競争市場メカニズムは行き詰まりつつあると強く思うのです。日本を離れる際に思ったのは、行き過ぎた効率性重視によって社会全体が疲弊している、ということでした。オーストラリアも似たようなものです。日本の後を追っかけています。ただ、人間性は辛うじて残っていますし、競争市場メカニズムから離れようとする個人の動きもあるのです。

オーストラリアでは、レストランでも、スーパーマーケットでも、コンビニでも、店員さんとお客さんが目を合わせますし、笑顔を交わすことも少なくありません。確かに、国籍だとか、人種だとか、色々違いはあるけれども、基本的には同じ人間同士なんだという感覚を持つことができます。

他方、日本の店員さんを思い出すとき、疲れ切った人間の印象、または、まるでロボットを相手にしているような印象が残っています。お客さんの目を見ることもなく、俯いたままボソボソと決まり文句を吐き捨てるように呟く。もしくは、どんなお客さんに対しても同じ作り笑顔と同じ角度のお辞儀を行う。

実は今、キャンベラの中で引越し先が決まったところです。先日、ある個人オーナーから電話があった際、普通の不動産屋さんとはちょっと雰囲気が違うので、僕は自分の事情を詳しく説明しました。そのオーナーが紹介してくれたアパート、というより建築物を見たとき、僕は感動しました。古いのですが、歴史があり、緑いっぱいの周りの環境と調和していて、本当に美しいのです。涙が出そうになりました。

そのオーナーと部屋の中や外でしばらく話をしました。オーナーが最後に、「この物件を市場に出したくないんですよ」とボソッとこぼしました。僕は「気持ちがわかります」と相槌を打ちました。その物件の住所も写真もウェブ上に載せてないのです。部屋も1〜2人にしか見せていないと思います。価格は相場より明らかに低いです。相対取引です。そのオーナーは競争市場メカニズムの外で活動しているのです。
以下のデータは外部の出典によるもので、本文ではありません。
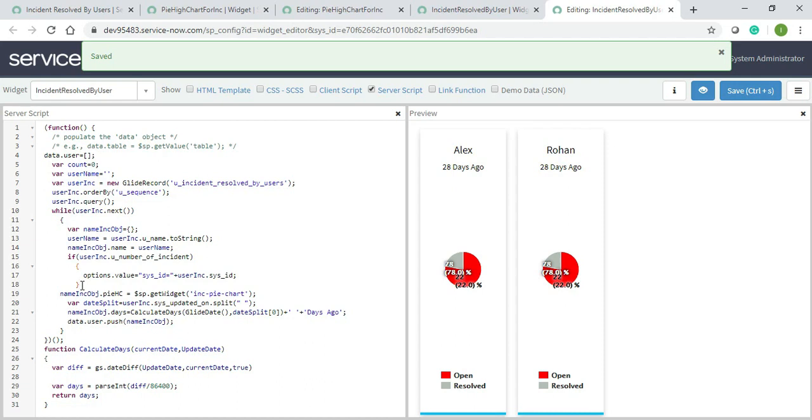It shouldn't come like this. I don't know why it's coming... okay, okay, I didn't pass the options. Guys, I'm so sorry. I need to pass the options as well in the widget, and I'll just save it.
その会話以降、競争市場メカニズムの限界とその外での活動について考え始めました。これからしばらく考え続けます。新居の写真を掲載できませんが、キャンベラに対する気持ちが180度変わるくらいのインパクトがある建築物です。何より、オーストラリア国民でもない僕を受け入れてくれたオーナーに感謝の気持ちでいっぱいです。